On Wednesday, Kenney said the Conservative government would look at expanding a private member's bill introduced last summer by Tory backbench MP Devinder Shory.
Bill C-425 would give government the power to revoke the Canadian citizenship of a dual national if they commit an act of war against a Canadian Forces member abroad.
Canadian citizens are currently suspected to have been involved in two terror attacks overseas — in Bulgaria and in Algeria.
Kenney said the government should consider working with Shory to expand the legislation to include provisions that would consider acts of terrorism committed overseas as reason to revoke the Canadian citizenship of dual nationals.
"Canadian citizenship is predicated on loyalty to this country and I cannot think of a more obvious act of renouncing one's sense of loyalty than going and committing acts of terror," he said.
The federal government currently only has the power to revoke citizenship in those instances if their passport was acquired through fraud.
Interim Liberal leader Bob Rae slammed the suggestion as a "knee-jerk response."
"What are the consequences? Is it constitutional?" Rae asked. "These are the kinds of things a minister should think about before (speaking to reporters)."
On Tuesday, Canadian officials confirmed a dual Canadian-Lebanese citizen is a suspect in the 2012 bombing of a tourist bus in Bulgaria that killed five Israeli tourists and one Bulgarian.

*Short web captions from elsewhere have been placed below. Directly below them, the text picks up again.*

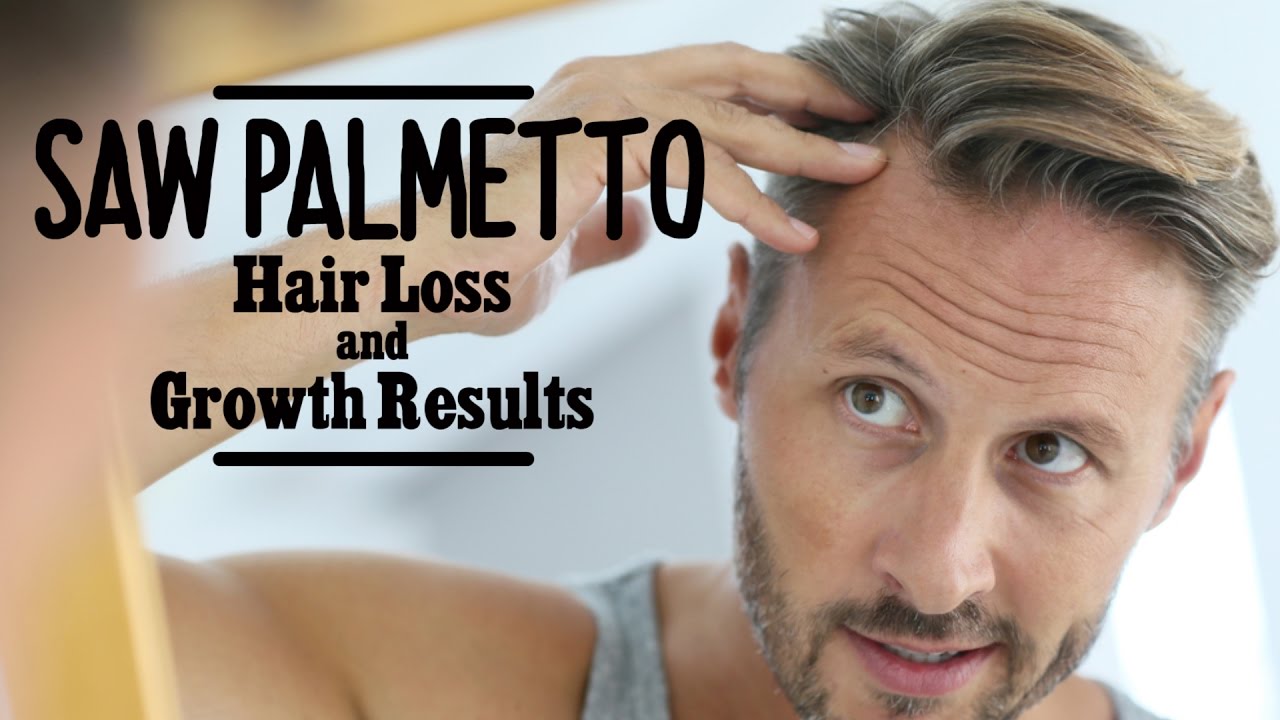 Saw Palmetto Hair Loss Growth Results YouTube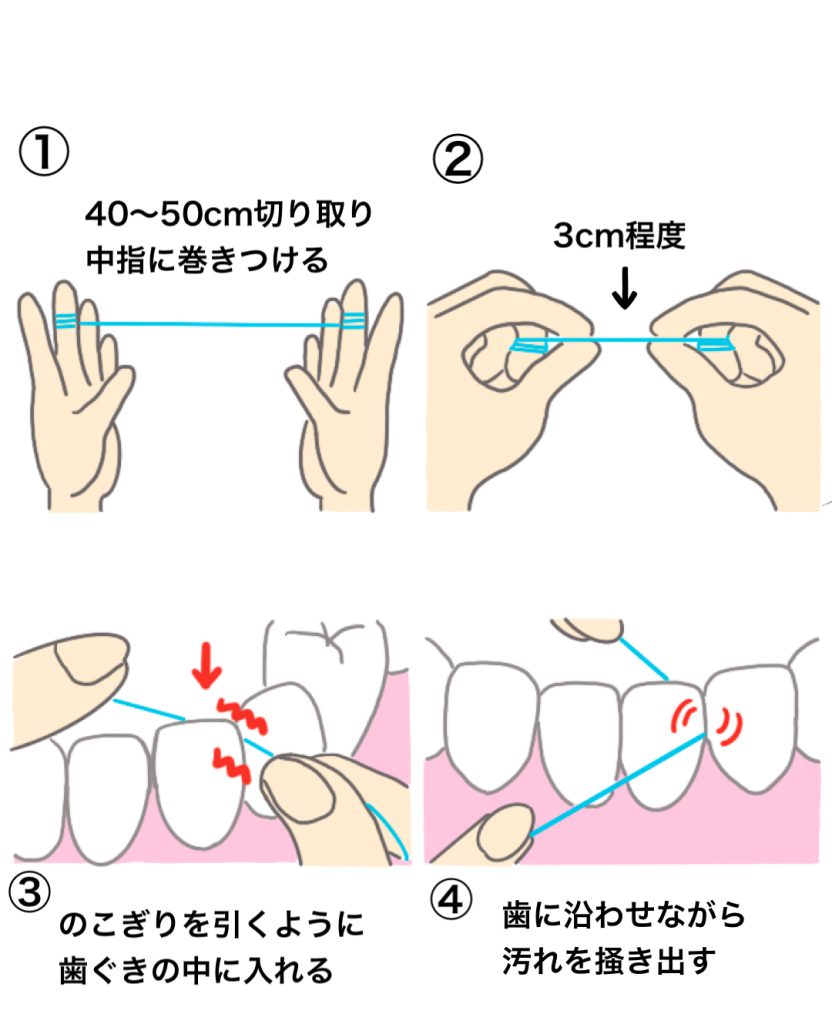 フロアフロス正しい使い方｜痛くない通し方と歯垢をごっそり落とすプロ技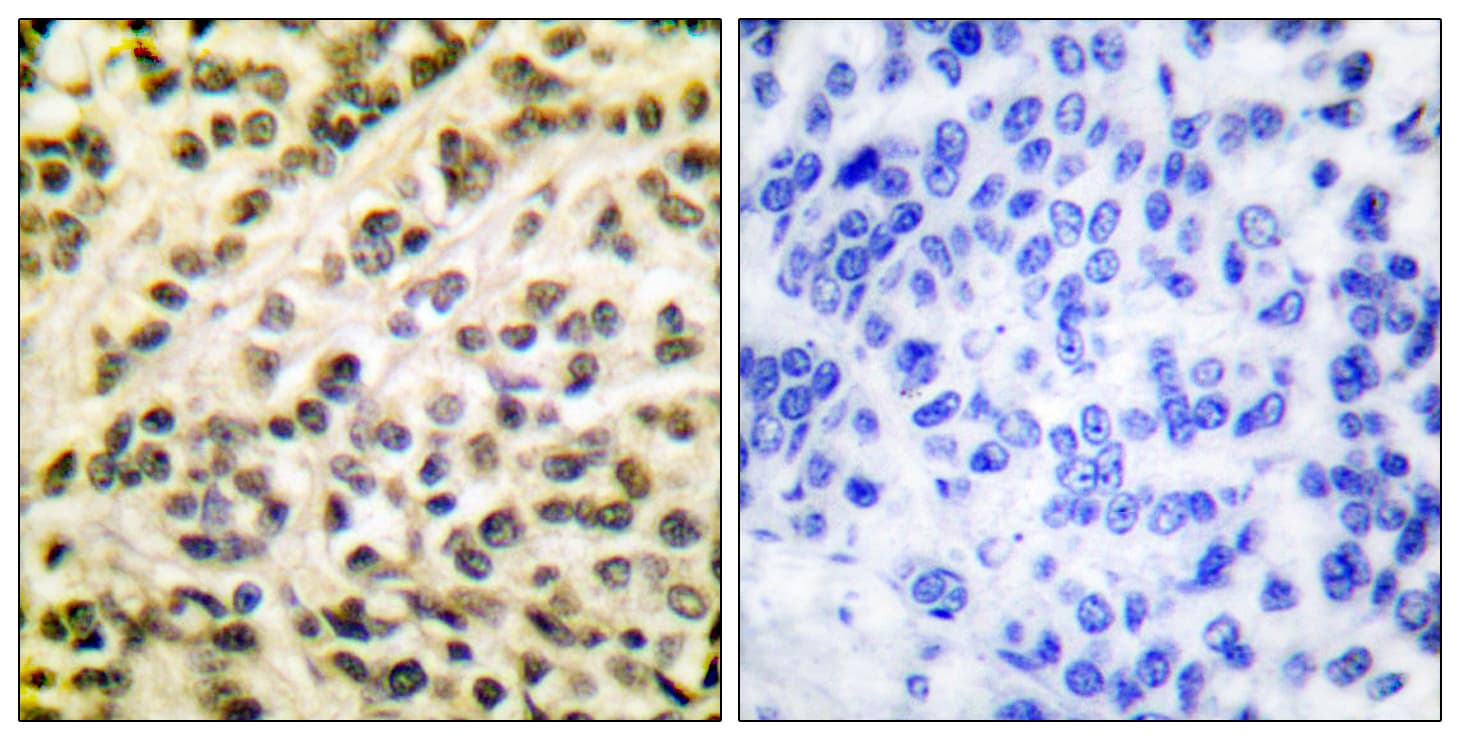 FLI1 Antibody (aa291-340)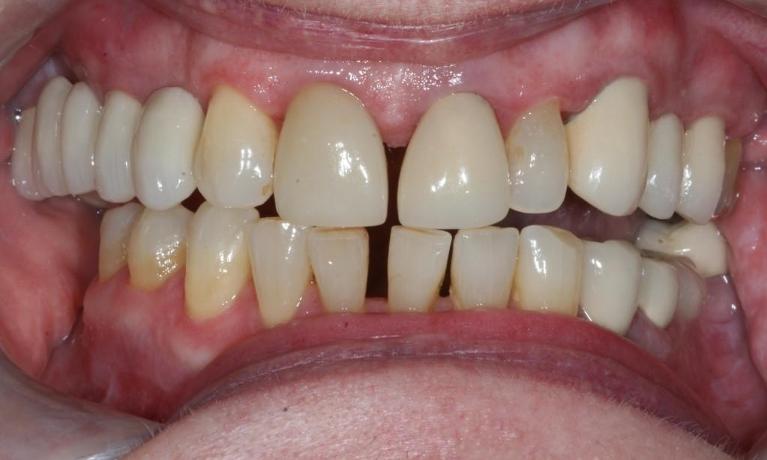 Crowns-Before-Image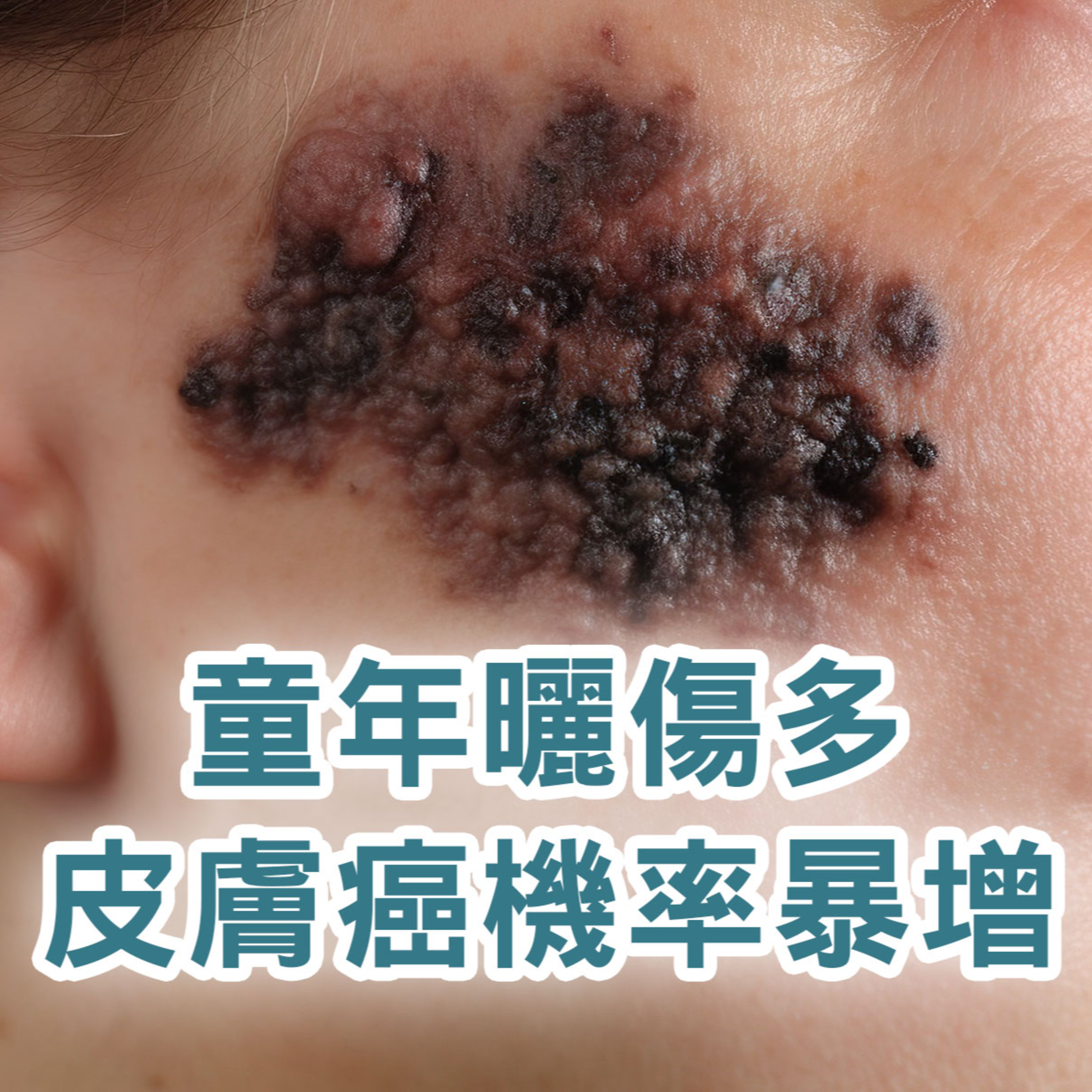 【S2 EP.102】童年多次曬傷，長大皮膚癌機率暴增！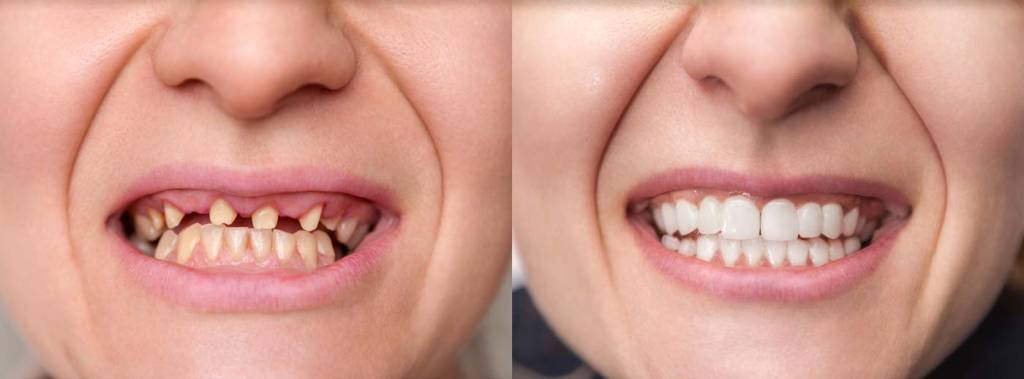 veneers-before-after-small-teeth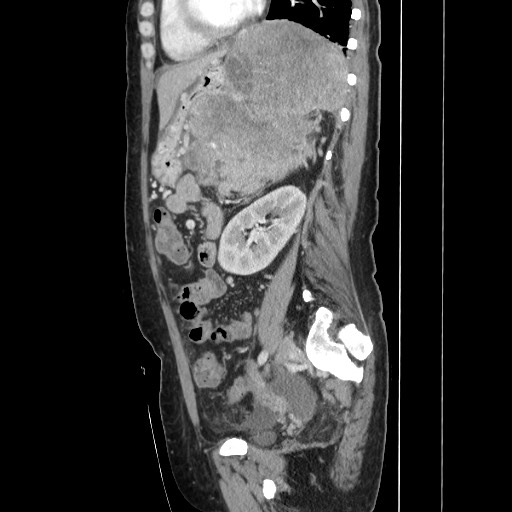 Acinar cell carcinoma of the pancreas (Radiopaedia 75442-86669 Sagittal C+ portal venous phase 122).jpg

Bulgaria's interior minister claims two foreign suspects — a Canadian and an Australian — were involved in a deadly bombing in the Bulgarian resort town of Burgas last July.
Tsvetan Tsvetanov says one suspect had a Canadian passport while the other had an Australian one, and both had been living in Lebanon.
Kenney also revealed a few more details about the Canadian allegedly involved in planning the Bulgaria bus bombing.
He apparently came to Canada when he was 8 and received his citizenship a few years later before returning to Lebanon when he was 12. He has visited Canada but not lived in this country since his youth.
Canadian officials are also still in Algeria trying to confirm Algerian government claims a Canadian mastermind was behind a hostage-taking there.
On Monday, Baird hinted that Canadian personnel in Algeria aren't getting much help from local authorities.
Canadian authorities have been in Algeria working on the case at least since Jan. 24.